◆ **Problem to work on**: Please transcribe exactly the lines from the line holding "Chemisier Ydence Regina" through the end of the data below, and skip any pictures.

◆ **Data extract**:
Start of Block

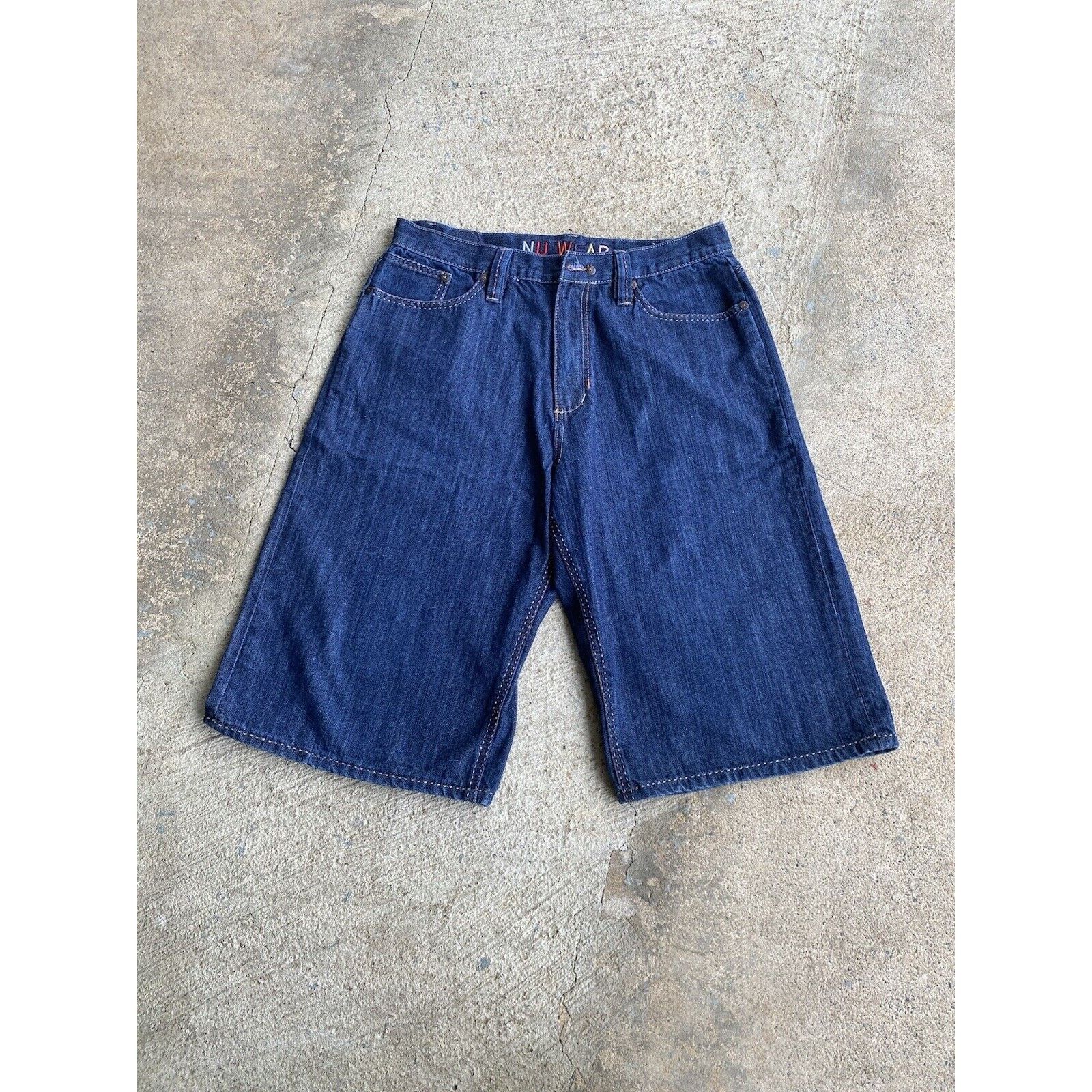 Coogi Vintage Y2K Baggy Tundra Style Embroidered Jorts Jean Shorts Size US 34 / EU 50 - 5 Thumbnail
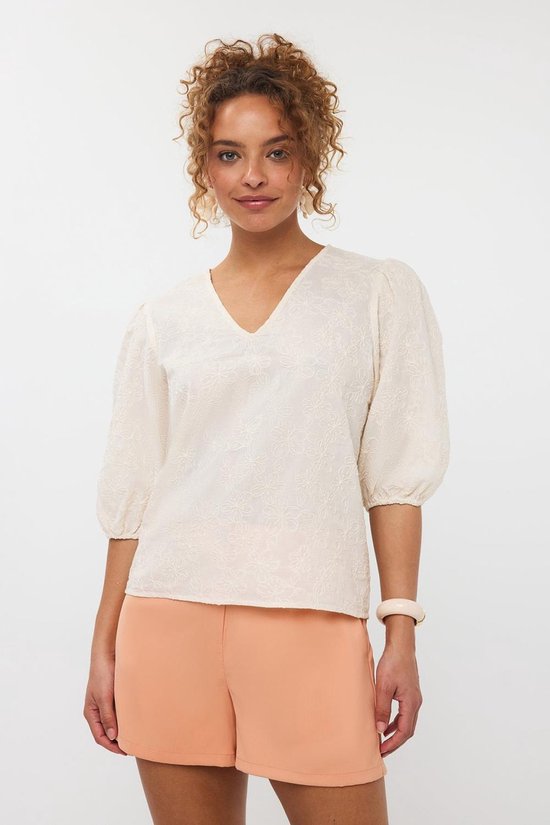 Chemisier Ydence Regina Hss2549 Écru Femme Taille - S
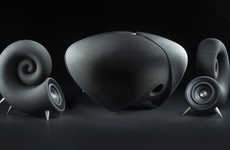 Sand-Based Sound Systems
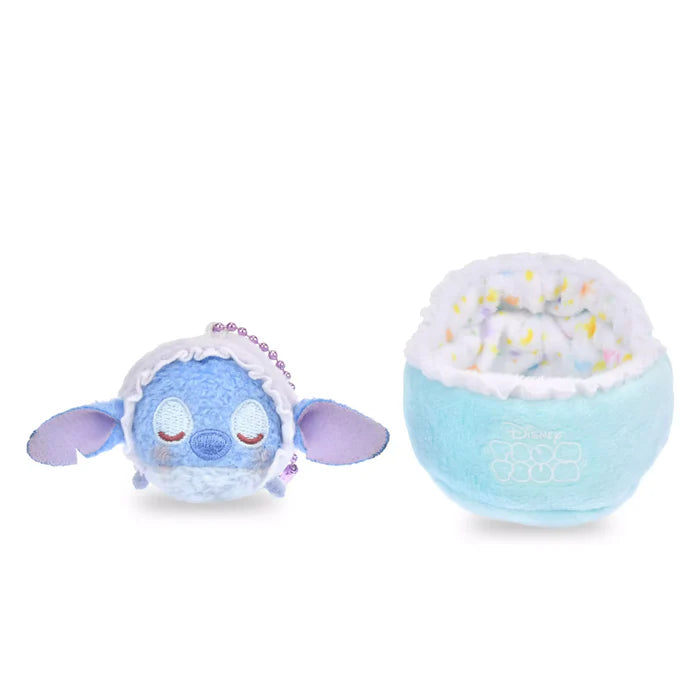 Disney Tokyo Sleeping Tsum Tsum Plush [Stitch]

End of Block

◆ **Output for this exercise**:
 Chemisier Ydence Regina Hss2549 Écru Femme Taille - S
 Sand-Based Sound Systems
 Disney Tokyo Sleeping Tsum Tsum Plush [Stitch]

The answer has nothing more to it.